Тим улыбнулся с таким снисхождением, будто к нему вдруг подошла пятилетняя сестренка и на полном серьезе попросила выгнать чудовище из-под кровати. Хотя, возможно, в этом мире чудища под кроватью вовсе необязательно означали плод богатого детского воображения.
— Я понимаю, как тебе хочется верить, что он порождение зла. И все же, надеюсь, вскоре ты откроешь глаза достаточно широко, чтобы увидеть, что это не так.
— И зачем это ему? — скептицизмом в Евином голосе можно было бы крошить лед.
— Он говорит, это его хобби. Коллекционировать в своем доме тех, кто так или иначе пострадал от его сестрицы. Мол, ценит хороших слуг, и сентиментальность тут ни при чем, ибо все они ничего для него не значат… кроме меня. — То, как Тим качнул головой, ясно выразило его вежливое сомнение в данном постулате. И вовсе не на свой счет. — В одном он прав: из нас действительно вышли хорошие слуги. Мы все обязаны ему жизнью или большим, чем жизнь. Этим он купил нашу верность надежнее, чем ее могли бы купить любые деньги… или страх. — Он прислушался к тишине, воцарившейся в коридоре, отражавшей молчание инструмента в гостиной. — Похоже, закончил.
— Я тебе не ве…
— Помолчи пару минут, хорошо? В конце он обычно играет то, что получилось. — В словах снова прорезалась усталость, с которой взрослый может просить ребенка не пытаться изрисовать фломастером вот эти ценные бумаги с очень ценной работой. — Потом можем продолжить, но сейчас я хочу послушать… думаю, тебе это тоже должно быть интересно. Если, конечно, ты действительно музыкант.

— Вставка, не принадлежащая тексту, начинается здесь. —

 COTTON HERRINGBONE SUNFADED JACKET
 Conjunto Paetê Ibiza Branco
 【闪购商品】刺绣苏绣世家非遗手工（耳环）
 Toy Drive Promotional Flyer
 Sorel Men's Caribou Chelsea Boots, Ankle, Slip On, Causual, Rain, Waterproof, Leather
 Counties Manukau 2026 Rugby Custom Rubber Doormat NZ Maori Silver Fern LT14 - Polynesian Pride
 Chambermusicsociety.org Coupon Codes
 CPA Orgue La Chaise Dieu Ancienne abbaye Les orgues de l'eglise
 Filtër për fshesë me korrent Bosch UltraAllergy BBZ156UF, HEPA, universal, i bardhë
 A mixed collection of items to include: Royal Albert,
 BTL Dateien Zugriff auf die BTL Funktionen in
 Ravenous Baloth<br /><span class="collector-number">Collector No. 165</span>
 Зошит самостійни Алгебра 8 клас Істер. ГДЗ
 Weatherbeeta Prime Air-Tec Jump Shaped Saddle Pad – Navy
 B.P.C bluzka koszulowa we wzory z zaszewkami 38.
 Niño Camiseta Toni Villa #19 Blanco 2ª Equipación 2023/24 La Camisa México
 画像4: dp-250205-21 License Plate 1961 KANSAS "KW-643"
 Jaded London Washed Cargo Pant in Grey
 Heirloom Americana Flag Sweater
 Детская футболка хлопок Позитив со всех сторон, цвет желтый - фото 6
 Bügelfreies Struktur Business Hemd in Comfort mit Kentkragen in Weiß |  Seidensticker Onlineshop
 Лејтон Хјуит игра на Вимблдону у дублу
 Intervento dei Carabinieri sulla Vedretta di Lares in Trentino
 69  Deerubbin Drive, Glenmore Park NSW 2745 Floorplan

Сдержав язвительность, Ева все же устремила взгляд на светящийся ключ, желчно выжидая, когда оттуда снова польется то, что Кейлус Тибель считал музыкой.
Вначале в хрупком, трогательном фа-диез миноре зазвучало вступление: кружево высоких триольных переборов, словно сплетенное светом, одиночеством и трепетной болью живого сердца. Их переливы — пронзительные, щемящие, поразительно гармонично звучавшие диссонансы — спустились вниз обреченным вздохом, воспарили обратно к верхним регистрам робкой надеждой на счастье и, истаяв на вопросительной паузе, зазвучали вновь уже в басах.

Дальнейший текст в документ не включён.